2) The Pyenv installer just runs the opaque Conda installer script and there's basically no way to control the version that gets installed.
3) They are different tools that serve different purposes and it doesn't make sense to have one manage the other anyway.
4) You probably shouldn't use the Python that's installed in the base Conda environment anyway. You need that to run Conda itself, and you want to keep the list of requirements small to make sure that updates can progress cleanly. It's basically the same as any Linux package manager like APT. Except of course, those tools don't generally support "environments" other than chroot.
This is one of the reasons people use Anaconda/miniconda for non-data science work: conda environments are self-contained Python installs, so if you conda/pip install packages into those environments, they will not break each other. This design requirement arose from the specific needs of numerical computing (which always drags in a ton of system-level C/C++/FORTRAN dependencies), but is a generically useful design construct.
Anaconda is a distro, and conda is a package manager, that works across OS platforms and hardware architectures, and installs cleanly into userland without requiring admin privileges. The only way we achieve this difficult goal is by creating a distro and build system that creates "portable" packages that can be relocated/relinked at install-time.
Ultimately, Python's challenges in this department come from the fact that it has such great integration with low-level C/C++ libraries. This gives it super powers as duct tape/glue language, but it also drags it down into the packaging tech debt of C/C++. Hmm... maybe I should write that blog post: "Python Packaging Isn't The Problem; C/C++ Is." :-)
FWIW, we are soon going to be releasing a much faster depedency resolver. We are also thinking hard about how best to address the "growing ecosystem" problem, in a future-proof way.
There are a ton of subtleties in the build toolchain even within a single OS type, and these will lead to downstream frustrations with packages that just bundle pre-compiled versions of C/C++ libraries.

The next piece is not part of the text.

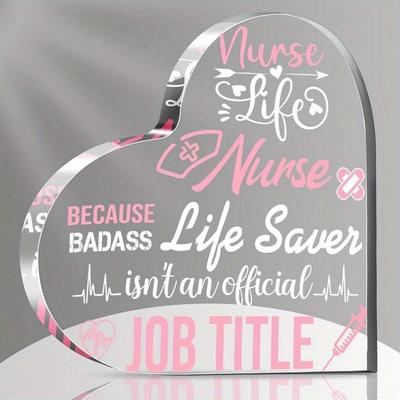 2D Flat, Nurse Appreciation Gift Acrylic Heart Desktop Decoration, Home Decor Plaque Hanging Wall Art Decorative Garden Decoration for Room Door Signs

The conda approach treats the underlying libraries as first-class citizens in the package ecosystem; tracks their interdependencies; and most packages are built in such a way that they are relocatable on your filesystem and don't require system privileges to install. conda and the various packages in the conda universe (whether official ones from Anaconda or the community-built ones in conda-forge) all make it so that this baseline hard problem is mostly solved across all major OSes, and solved in a relatively consistent way.
You can think of conda as a cross-platform, cross-architecture, multi-language, userspace package manager. It grew into this because numerical Python's package ecosystem is so horribly complex and the users span such a huge set of install environments, that conda ended up having to be a generic rpm/brew/apt kind of thing.